La bocca del lupo, Pietro Marcello, 2009
Léa :
La Bocca del Lupo raconte l’histoire d’Enzo et de Marie, deux anciens prisonniers rencontrés à Gênes par Pietro Marcello.
Enzo a passé la moitié de sa vie en prison, pour avoir tiré sur deux policiers, et il y a rencontré Marie, une transsexuelle toxicomane, dont il tombe aussitôt amoureux. Leur histoire est racontée dans la première moitié du film à travers un collage d’images et de voix qui la reconstitue par bribes, par morceaux, comme une mosaïque. En prison, Enzo protège Marie de ceux qui n’acceptent pas sa différence. Libérée des années avant lui, elle l’attend patiemment et lui envoie chaque jour des cassettes, où elle enregistre sa voix.

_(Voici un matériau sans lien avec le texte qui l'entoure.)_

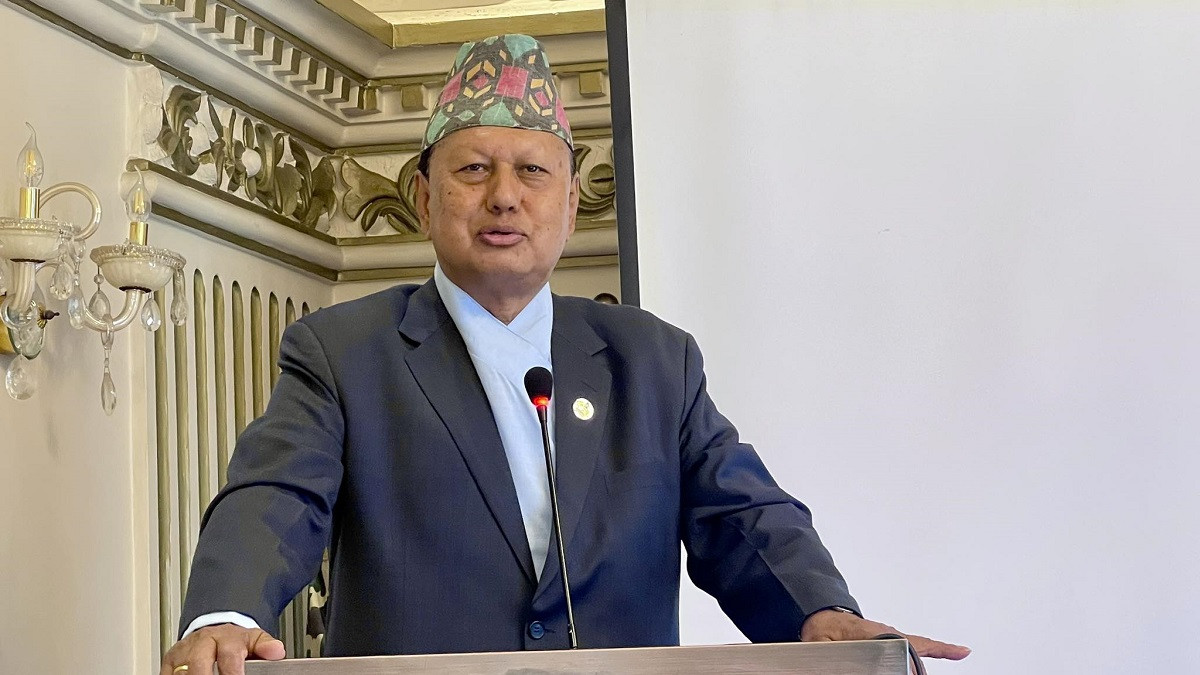 नेपालको जनसङ्ख्यिक संरचनामा केही फेरबदल आएको छ  : स्वास्थ्यमन्त्री बस्नेत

Fasciné par le détenu Enzo et son histoire d’amour romantique avec Marie, Pietro Marcello réinvente leur histoire grâce au pouvoir des archives : la matérialité de l’image et la bande sonore (les cassettes enregistrées par Mary pour Enzo en prison) devient un instrument pour redonner une dimension temporelle à l’histoire. Enzo errant, les ruelles de la vieille ville, les images d’archives et la musique s’entrecoupent à travers un montage pour construire un univers unique. Ce que le réalisateur compose peu à peu sous nos yeux, c’est un tableau de Gênes, ville portuaire, industrielle, sale. En suivant Enzo et Marie, on marche sur les docks, on s’enfonce toujours un peu plus dans les ruelles sombres, où l’on croise des marginaux, des dealers et des drogués, des prostituées. Les images d’archives se mêlent aux autres, dressant temporellement ce tableau de Gênes, exposant l’histoire de la ville, son évolution.
Dans un second temps, Enzo et Marie, dans un très long et très beau plan séquence, racontent leur histoire, face caméra. Comme s’ils témoignaient.
Face à la caméra, ils racontent leur histoire touchante. La Bocca del Lupo, c’est la gueule du loup, la prison, mais Marie nous dit aussi que c’est dans cette prison qu’elle a vécu parmi les plus beaux moments de sa vie.
L’enchevêtrement des temporalités, les croisements multiples de l’histoire et des images entrecoupées laissent un sentiment de mélancolie, le sentiment d’un jour qui s’achève, le crépuscule.